I left DBL and shut down the computer. Microbrain Billy didn't want me to exit the program without insulting me with more knock-knock jokes, so I went for the off switch. As the life ebbed from my computer once again, I could almost hear a plea coming from the speakers. "No. Don't go. Please stay...."
A few days later I was doing some business in town when I saw an actual computer store! I used to remember a time when there wasn't a store that didn't have computers or computer programs. Now the only place one can buy a computer or software program is in a toy store. I walked into the old store and instantly the salesman beamed as though I was his salvation. His face fell when I told him I was just looking.

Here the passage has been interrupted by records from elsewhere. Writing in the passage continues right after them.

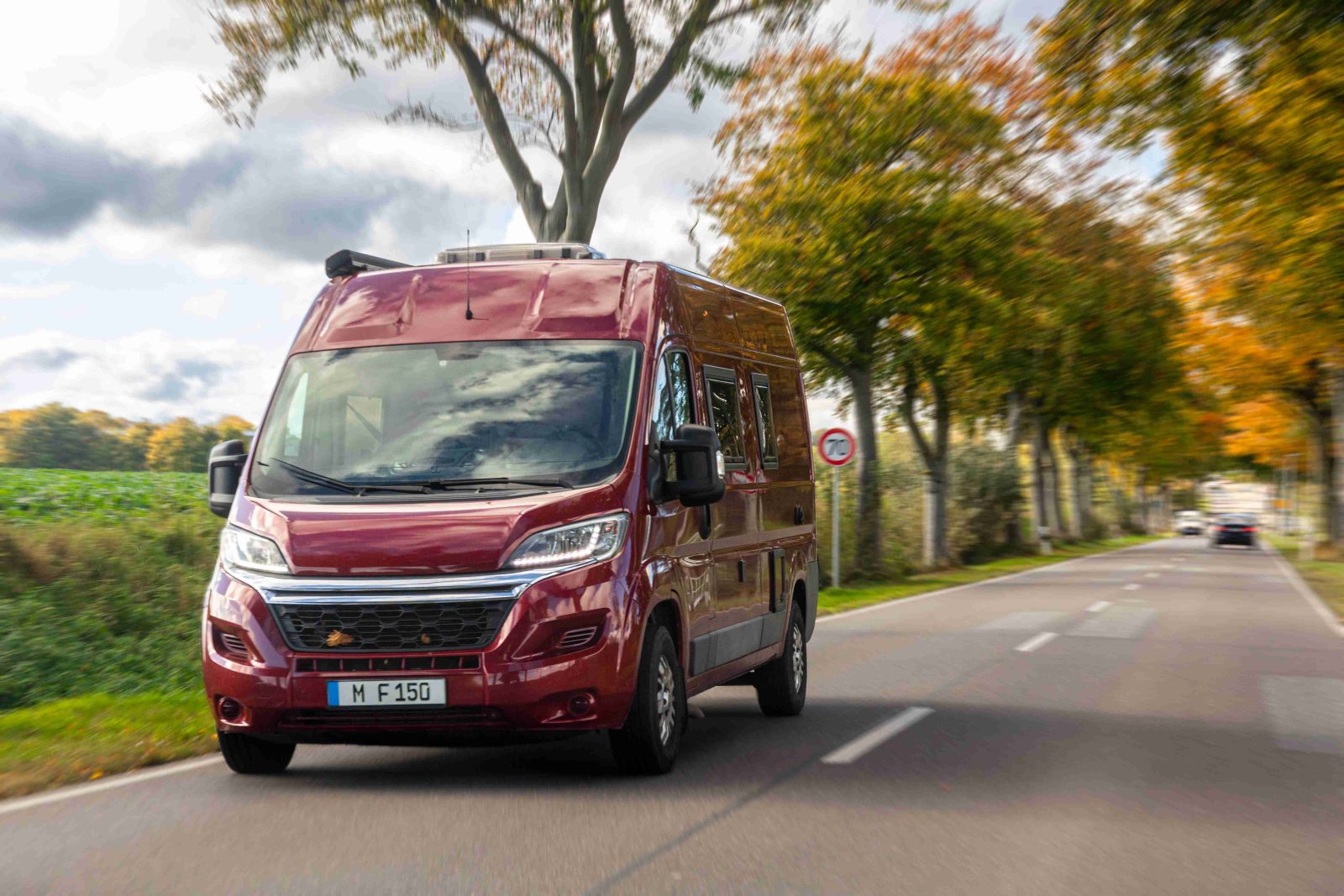 buy a second hand van near me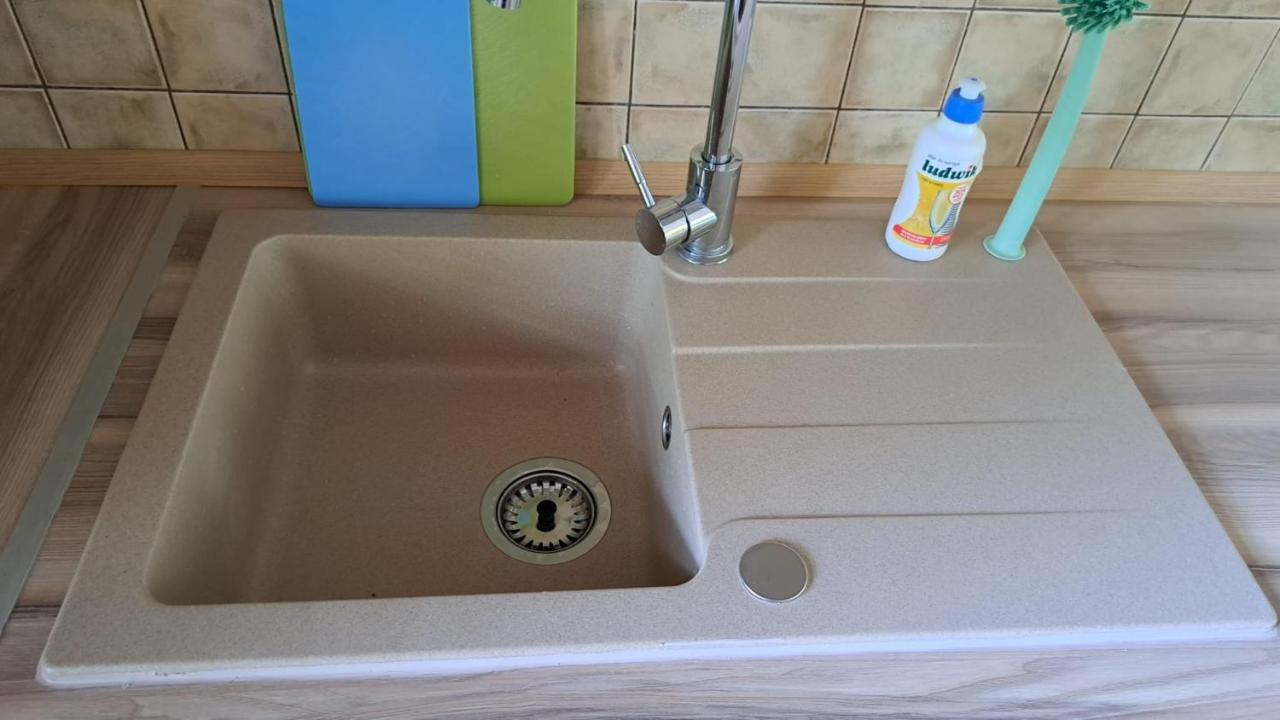 Pobierowo Bracka Villa Exteriör bild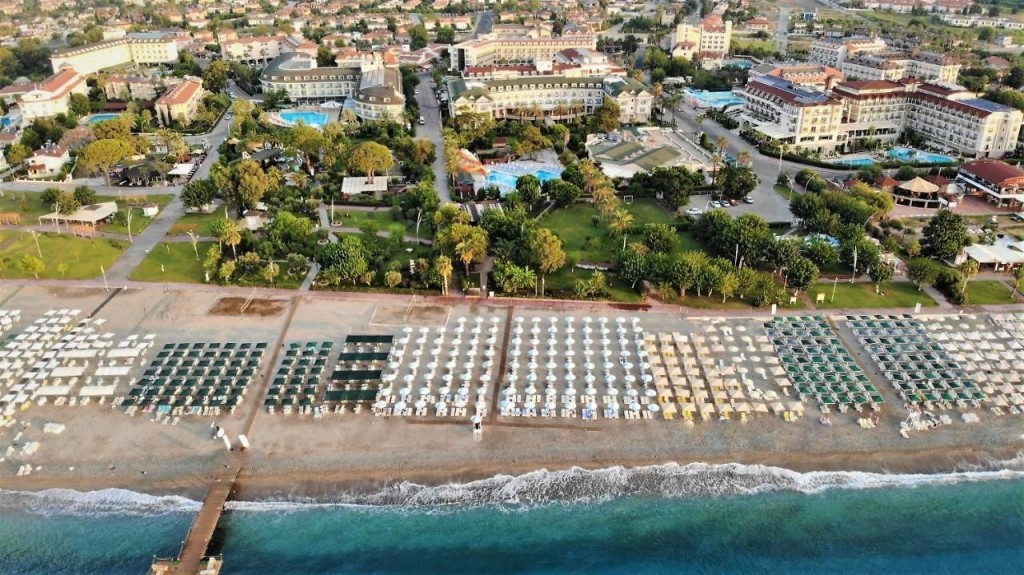 LUCIDA BEACH HOTEL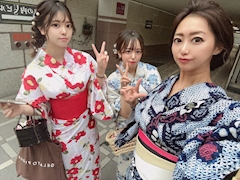 藤沢優子「夏祭り🌟」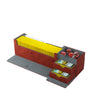 Cards' Lair 400+ Convertible - Red
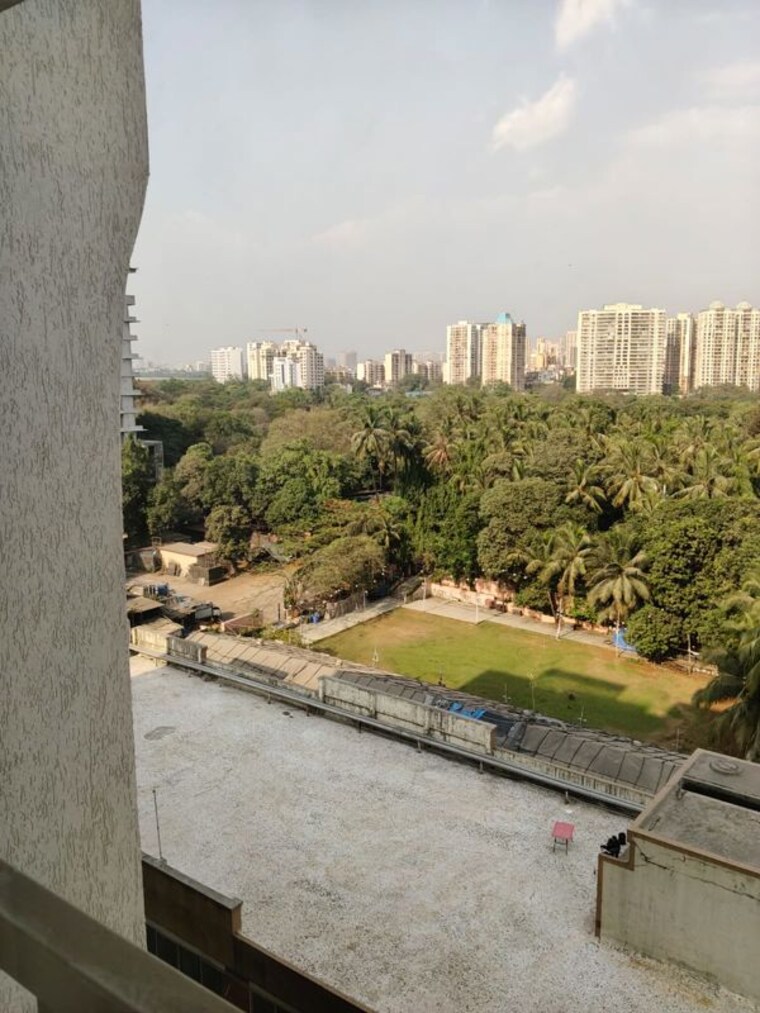Swimming Pool, crescent-silverwoods 1 Bedroom 400 Sq.Ft. Apartment In Powai Mumbai 10403500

The store had a few computers left for sale- mostly outdated systems with plenty of children's programs. Nearby were shelves of ultra-fast modems collecting as much dust as the computers. What was the use of getting a faster modem if your E-mail was still going to be held for three weeks so it would be screened for offensive content?
The salesman walked up to me and asked me if I had any kids. I told him I had two, but both were now teenagers. He simply sighed and walked back to his little corner to watch television. He knew there was no use trying to sell computer equipment to someone who didn't have little kids.
The software shelves were mostly empty. The tags listed a vast collection of programs the store once offered. Digital movies, combat simulators, digital photography, screen savers, sound effects, communications programs. All were made back when computers were designed for adults, before the government began to regulate software content to protect children. Now the only programs available were Microbrain Billy and the cornucopia of Uncle Wizzo programs. "Uncle Wizzo Rides the Train," "Uncle Wizzo Takes a Plane," "Uncle Wizzo Goes to School," "Uncle Wizzo Learns Math," "Uncle Wizzo Goes Online." Even Microbrain Billy's box couldn't avoid Uncle Wizzo's plastered face when they get the digitized clown's seal of approval- as though they ever needed the Uncle's approval for anything.
I remember reading about what happened to the man who played the real Uncle Wizzo- the one who visited school kids after that purple dinosaur lost it's government funding. The one who started an empire that epitomized electronic values. The one whose likeness now adorns ninety-five percent of all computer programs and Internet sites. I remember reading how his fifth wife found him in bed with his other four wives and how she hacked them all with a chainsaw. I'm told she pleaded insanity, found religion, and now is the chairperson of Uncle Wizzo Incorporated.
As I left the store, I could hear that same voice being whispered as the door closed. "No. Don't go. Please stay..."
Every so often I would hear some politician talk about computers and how despite all the laws and safeguards and regulations that somehow the so-called "electronic information superhighway" is the future of society. I have to laugh when I hear that. Yeah, perhaps it could have been the future- if it wasn't ruined by all those speed bumps.